Je fus plusieurs jours sans pouvoir monter à l’Acropole, ni rien voir d’Athènes. J’étais devenu un ballon de jeu entre deux équipes politiques. L’opposition, dirigée par M. Th. Delyannis, avait pris vivement parti pour les Jeux Olympiques. La presse était divisée en deux camps et apportait à sa dispute quelque acharnement.
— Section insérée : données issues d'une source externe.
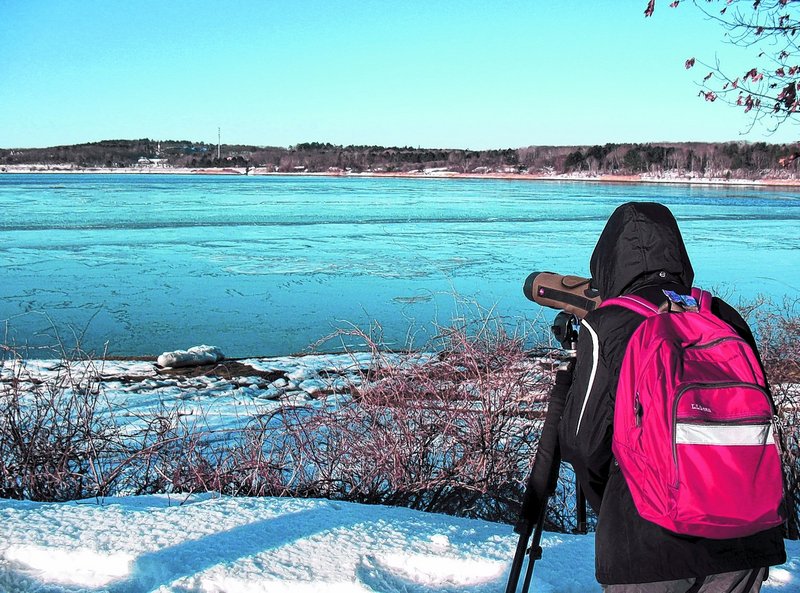 A bird walk participant uses a field scope provided by Audubon to get better views of ducks.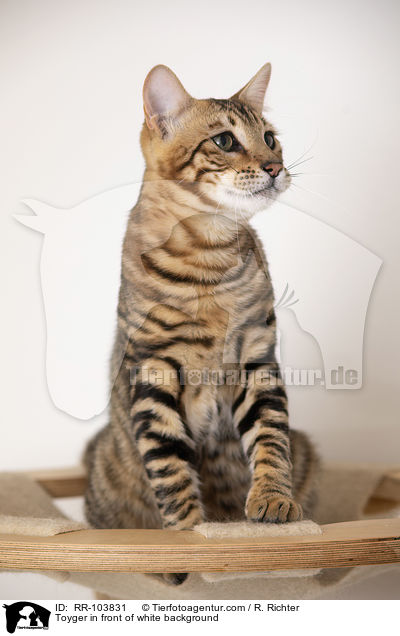 Toyger vor weiem Hintergrund / Toyger in front of white background / RR-103831
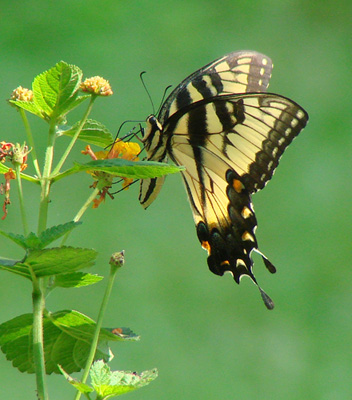 South Carolina - State Butterfly - Eastern Tiger Swallowtail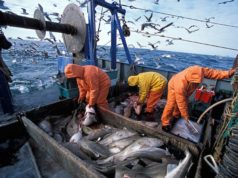 Legislative Amendments Introduce New Environmental Standards in Aquaculture and Agriculture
Je passais mon temps à faire des visites aux hommes politiques et aux journalistes, sous la conduite de mes nouveaux amis, Georges Melas, fils du maire d’Athènes, et Alexandre Mercati, fils du directeur de la Banque et camarade d’enfance du prince royal.

Le cocher du landau descendait de son siège et disait à Georges Melas avec la familiarité charmante d’alors : « Monsieur mon petit Georges, je vais t’expliquer comment ton ami doit s’y prendre avec Tricoupis. » J’étais vexé que mon grec de collège ne me servît à rien, grâce surtout à la prononciation qu’on nous avait apprise. Mais, alors, on parlait partout français. Mon étonnement était grand de trouver une Grèce si vivante, restée si semblable à elle-même, à la fois très antique et très moderne. Mon instinct ne m’avait pas trompé en m’inclinant fortement vers elle. Désormais j’étais certain de son avenir. Je garderais toujours en ses destins renouvelés une foi solide.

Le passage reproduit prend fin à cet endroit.